Sam Touzani, à la fois auteur et joueur… et prophète d’humanité, libère la parole et se raconte pour survivre à l’innommable. Dans un spectacle de feu, il propose une série de flashbacks pittoresques et émouvants sur son histoire familiale, tour à tour faite du sel des larmes et des épices du cœur. Il parcourt passionnément trois générations emblématiques qui bordent la Grande Histoire avec les accents poignants du réel.
« 1943-1945 Les maigres pâturages ont depuis longtemps disparu, et les Nomades ont reflué vers les oasis. Mais les cultivateurs des ksour n’ont pas eu de récolte/ … /. La recherche de l’eau et de « quelque chose à manger » a entraîné vers le Nord un vaste exode de bêtes et de gens, d’abord lent et sporadique, puis massif comme une avalanche.

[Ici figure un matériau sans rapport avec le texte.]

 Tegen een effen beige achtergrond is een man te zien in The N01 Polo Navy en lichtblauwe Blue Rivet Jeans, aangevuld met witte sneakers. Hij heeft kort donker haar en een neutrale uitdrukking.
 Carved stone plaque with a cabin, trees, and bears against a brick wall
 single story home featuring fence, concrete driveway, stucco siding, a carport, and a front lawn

Des scènes navrantes surexcitent la sensibilité des Européens, témoins impuissants ; des êtres humains décharnés, au dernier degré de la misère physiologique, recourent, pour tromper la faim, à toutes les pratiques qu’on lit dans les descriptions anciennes. »
Tout débute donc dans les montagnes du Rif marocain, où la famine et la misère sont si écrasantes que même des enfants prennent, même seuls, le chemin de l’exode, c’est le cas du grand-père de Sam, qui a douze ans. Sam, le petit fils, verra le jour dans un deux-pièces chauffé au charbon à Molenbeek en 1968. Ado en 1989, il mangera un jour innocemment des cerises en plein Ramadan. Opprobre général. Il reçoit en plein visage alors la haine de sa communauté contre l’Occident, son inconcevable obsession de sacralisation de la pureté… le mépris des femmes, et de tout ce qui n’est pas musulman. La mosquée veut lui imposer le rêve toxique d’un djihad mal compris. Heureusement la Belgique veille.

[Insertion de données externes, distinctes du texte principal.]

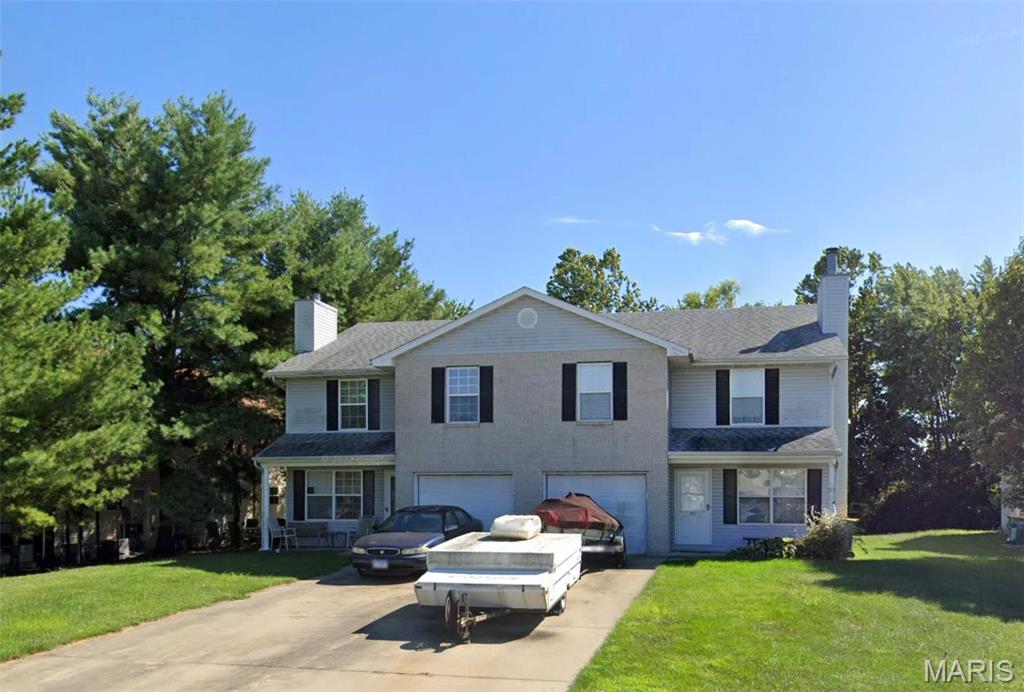 Three Bedroom Duplex in Pine Meadows Subdivision, LVP Flooring Throughout Main Living Areas, 19 x 13 Living Room with Brick Hearth Fireplace, Kitchen Includes Electric Range, Dishwasher, Garbage Disposal and Refrigerator, 15 x 14 Dining Area Walks Out to Back Deck, Main Floor Half Bathroom and Separate Utility Room, Second Floor Provides 17 x 16 Master Bedroom with Double Closet Space and Walk Separate In Closet, Private Master Bathroom, 15 x 11 Second Bedroom, 13 x 13 Third Bedroom, Second Floor Hallway Bathroom, Available Now.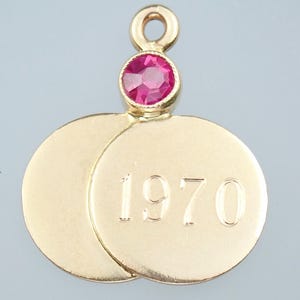 Puede incluir: Colgante dorado con una gema rosa brillante y dos discos dorados superpuestos. El año "1970" está grabado en uno de los discos. El colgante tiene un lazo para sujetarlo a una cadena.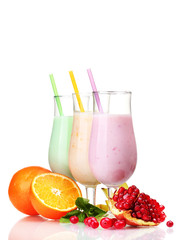 Milk shakes with fruits isolated on white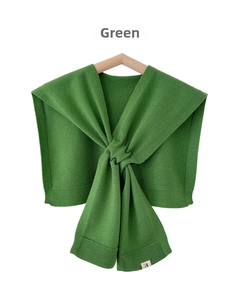 Detail view of the green knitted shawl showing the ribbed hem and elegant front knot design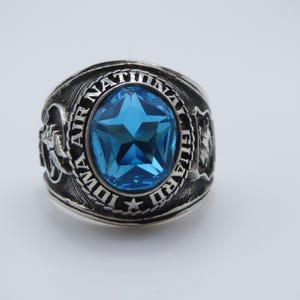 Peut inclure: Une bague argentée ornée d'une grande pierre bleue facettée en forme d'étoile au centre. L'anneau en métal est gravé du texte IOWA AIR NATIONAL GUARD, entouré d'une bordure en forme de corde et d'emblèmes en relief détaillés sur les côtés.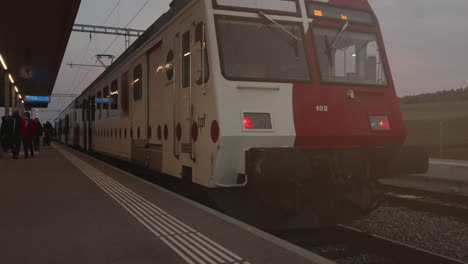 Passengers-alighting-TPF-Switzerland-train-in-rural-outdoor-train-station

Dès lors, riche d’expériences cinglantes, Sam, le fils d’immigrés, l’artiste, le comédien plein de verve, le danseur souple, rassemble ses forces pour combattre le communautarisme dans un questionnement sincère, entre la culture d’origine de sa famille héroïque et celle du pays qui l’a adopté. Il refuse le marquage identitaire. Il va réussir à relier les rives souterraines de ses multiples identités sans les réduire à une seule… Et cela jette des larmes de bonheur dans un public conquis.

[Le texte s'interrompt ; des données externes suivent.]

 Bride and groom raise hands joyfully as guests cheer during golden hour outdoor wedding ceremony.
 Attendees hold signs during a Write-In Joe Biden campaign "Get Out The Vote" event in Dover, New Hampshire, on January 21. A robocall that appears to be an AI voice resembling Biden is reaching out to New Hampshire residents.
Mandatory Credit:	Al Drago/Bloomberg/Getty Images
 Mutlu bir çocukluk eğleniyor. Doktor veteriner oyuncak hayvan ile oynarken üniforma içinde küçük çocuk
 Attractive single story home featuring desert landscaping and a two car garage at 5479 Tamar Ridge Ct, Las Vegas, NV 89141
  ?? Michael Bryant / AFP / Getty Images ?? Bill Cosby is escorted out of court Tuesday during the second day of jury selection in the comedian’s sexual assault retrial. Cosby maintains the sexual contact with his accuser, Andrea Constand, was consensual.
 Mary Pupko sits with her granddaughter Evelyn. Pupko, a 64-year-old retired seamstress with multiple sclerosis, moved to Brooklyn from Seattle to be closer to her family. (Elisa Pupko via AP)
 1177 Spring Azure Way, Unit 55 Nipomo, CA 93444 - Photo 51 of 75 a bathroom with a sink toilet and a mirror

Irrévérencieux, habile, convainquant, il débusque dans une langue savoureuse, le cercle infernal de la culpabilité qui ronge tous ceux qui quittent leurs terres, leurs parents, leur langue pour partir loin, très loin, là où poindra l’aurore de l’espoir, la lumière de jours nouveaux… Il réhabilite la femme, l’épouse, la mère, qui on retrouvé la grâce et la dignité de dire NON !
Merci à lui et son comparse, le musicien génial, Mathieu Gabriel, qui de son corps et de sa bouche convoque mille et une atmosphères de légende humaine.